1. Home
  2. Required security upgrade for NVIDIA GPU Operator

Required security upgrade for NVIDIA GPU Operator

A security issue has been found in nvidia-container-toolkit. Since the NVIDIA GPU Operator has the ability to take care of installing this toolkit on the Kubernetes hosts that require this provisioning for proper integration of GPUs with Kubernetes, this security issue might affect the GPU operator as well. This feature is controlled via the toolkit.enabled setting in the Helm chart.

Please note that most BCM clusters we manage this toolkit through a package instead, it is therefore strongly advised to execute the steps from the following KB article first, since it focuses on upgrading the vulnerable package: https://kb.brightcomputing.com/knowledge-base/required-security-upgrade-for-nvidia-container-toolkit/. After that, please come back and follow this KB article to double check if the NVIDIA GPU Operator also requires an update for your cluster.

Affected versions

In the case of BCM we relied on the NVIDIA GPU Operator feature to install the toolkit between the following BCM versions. We introduced support for the NVIDIA GPU Operator in version  9.2-4 (11th of August 2022) and in version 9.2-14 (25th of September 2023) we stopped using this functionality and started to rely on system packages instead. BCM 10.0 (since the first version 10.23.07) has always deployed using system packages.

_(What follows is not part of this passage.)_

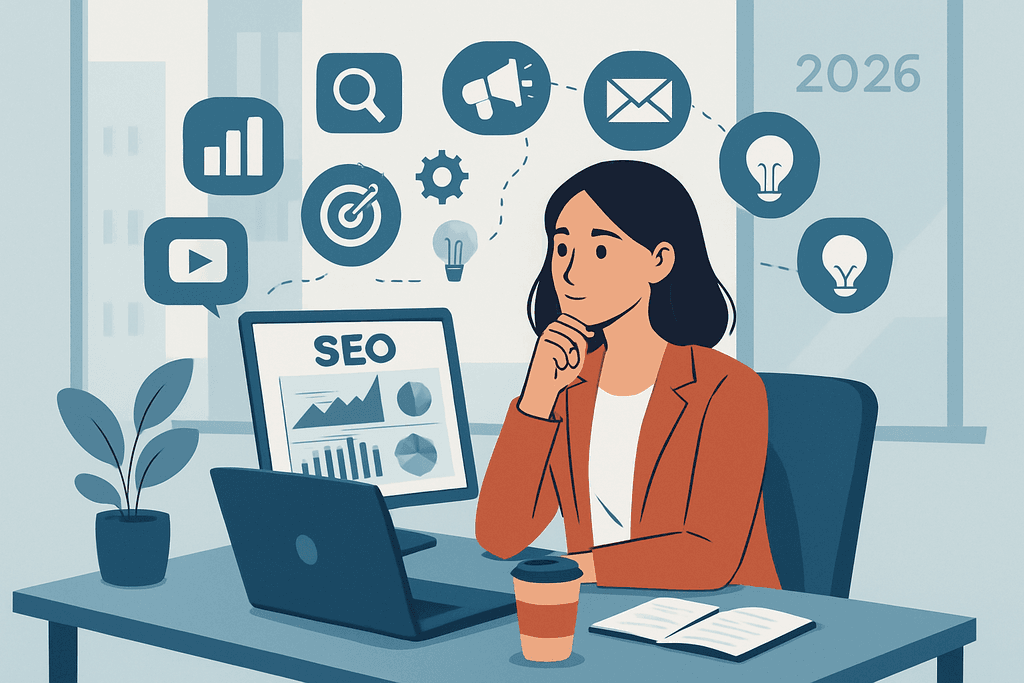 圖片中，一位女性坐在桌前，注視著電腦螢幕，上面顯示有關SEO的圖表與數據，四周漂浮著多個相關的圖示，如搜尋、電郵和社交媒體。她神情專注，周圍有綠色植物，展示出現代網站經營的環境。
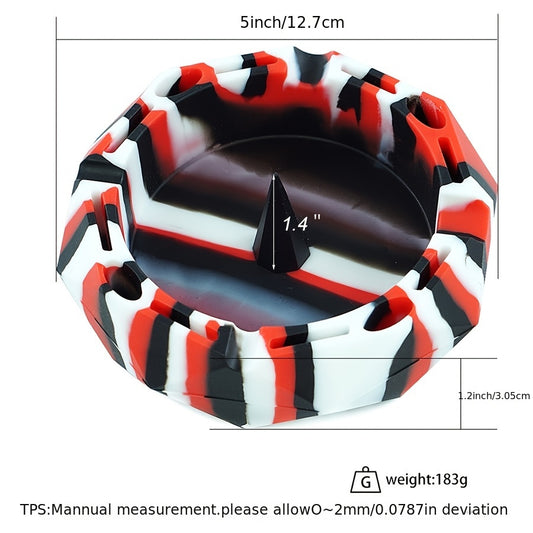 1 Creative Silicone Ashtray - Unique Irregular Shape, Colorful Patterns, No Power Needed - Perfect for Home Decor & Gifts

Check if your GPU Operator is affected
  1. We can check the installed NVIDIA GPU Operator version first. First determine under which namespace + name it is installed, defaults are “gpu-operator” for both.
    root@bcm-cluster:~# helm list -n gpu-operator
    NAME         NAMESPACE    REVISION UPDATED                                  STATUS   CHART                APP VERSION
    gpu-operator gpu-operator 1        2024-09-30 15:31:30.392818917 +0200 CEST deployed gpu-operator-v23.9.1 v23.9.1   
  2.  We can see more info on the Helm chart with the history command:
    root@bcm-cluster:~# helm history -n gpu-operator gpu-operator
    REVISION UPDATED                  STATUS   CHART                APP VERSION DESCRIPTION     
    1        Mon Sep 30 15:31:30 2024 deployed gpu-operator-v23.9.1 v23.9.1     Install complete
  3. Now we can download the “values” for the Helm chart (which is the configuration that was passed to the Helm chart the last installation or upgrade).
    root@bcm-cluster:~# helm get values -n gpu-operator gpu-operator | sed '/USER-SUPPLIED VALUES:/d' > gpu-operator-values.yaml
    root@bcm-cluster:~# cat gpu-operator-values.yaml 
    driver:
      enabled: false
    operator:
      defaultRuntime: containerd
    toolkit:
      enabled: true
      env:
      - name: CONTAINERD_CONFIG
        value: /cm/local/apps/containerd/var/etc/conf.d/nvidia-cri.toml

    The above output for the values yaml configuration shows that in this case, the NVIDIA GPU Operator is in charge of deploying the toolkit. The configuration setting is set to “enabled = true”. This means, that updating this Helm chart is important!

Upgrading the Helm chart
  1. We can lookup the version we wish to install next.
    root@bcm-cluster:~# module load kubernetes
    root@bcm-cluster:~# helm repo list
    NAME                 URL                                               
    kyverno              https://kyverno.github.io/kyverno/                
    prometheus-community https://prometheus-community.github.io/helm-charts
    nvidia               https://helm.ngc.nvidia.com/nvidia               

    Next we search the provided packages.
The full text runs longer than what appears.